Freesteel Blog » Pencil milling of images

Pencil milling of images

Friday, December 30th, 2011 at 2:27 pm Written by:

The big idea is to use this 3D printer makerbot as a 2D plotter (by the application of a rubber band and a felt tip pen) to draw a representation of someone’s face on a post-it note.

We have the printer driver technology, we have a camera. All that is in between is software. So it should be easy, right?
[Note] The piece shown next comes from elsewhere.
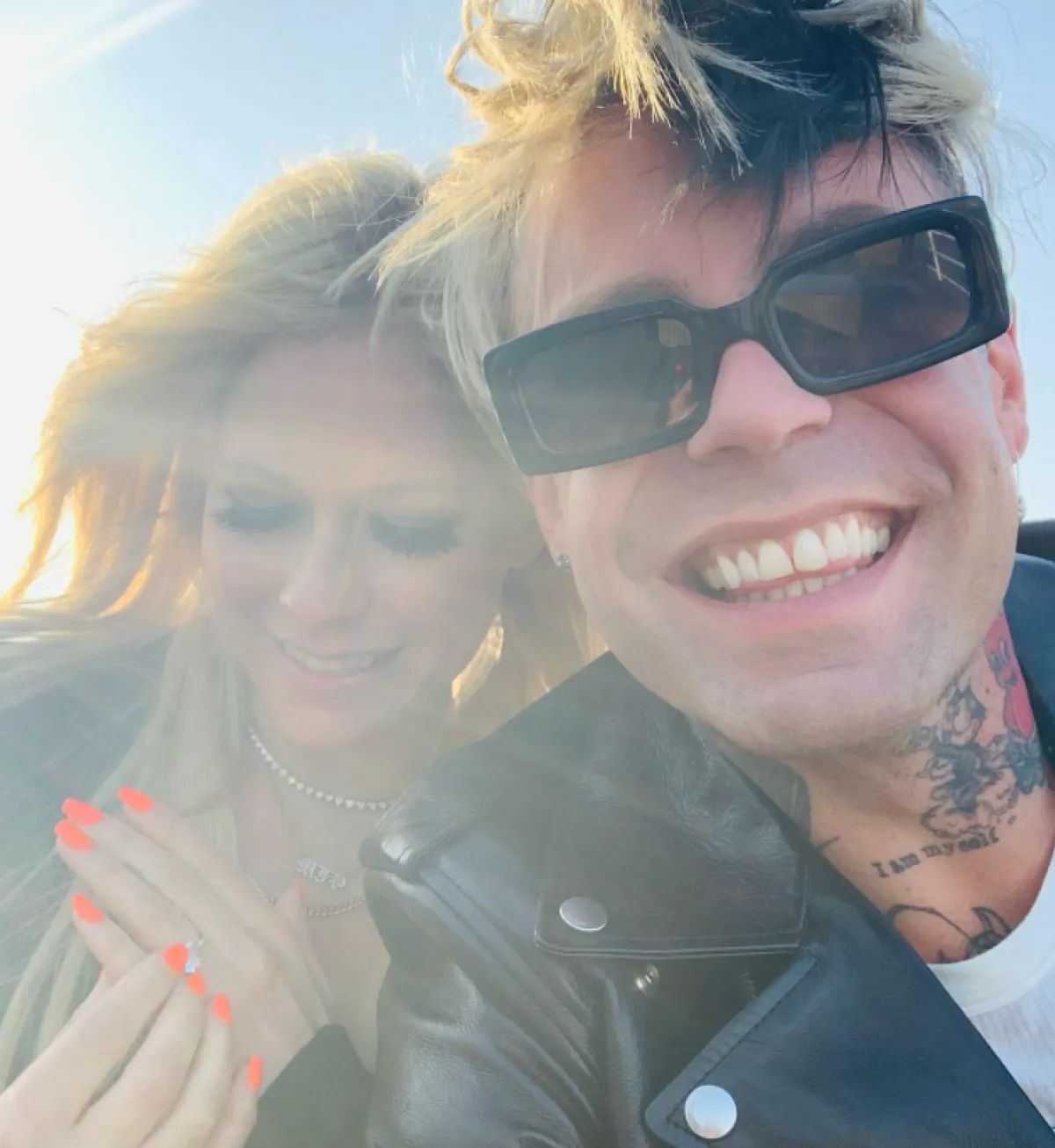 خطوبة أفريل لافين في فرنسا - الصورة من حسابها في إنستغرام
Computer vision is a field that has been worked over for decades. Unfortunately it hasn’t resulted in a straightforward bitmap to vector drawing function I can call from Python. What I do have, however, are a lot of specialized CAM algorithms that I can apply to the problem. Specifically, the Pencil Milling algorithm. (That’s the one where you run a blunt object along all the surface to surface corners as if in the gutter of a kerb.)

First off, we use the FIND_EDGES filter which converts a bitmap into another bitmap with the sudden changes in brightness highlighted.

(The code which follows is as much for my reference — once I forget exactly how I did this — as much as it could be for anyone else’s benefit.)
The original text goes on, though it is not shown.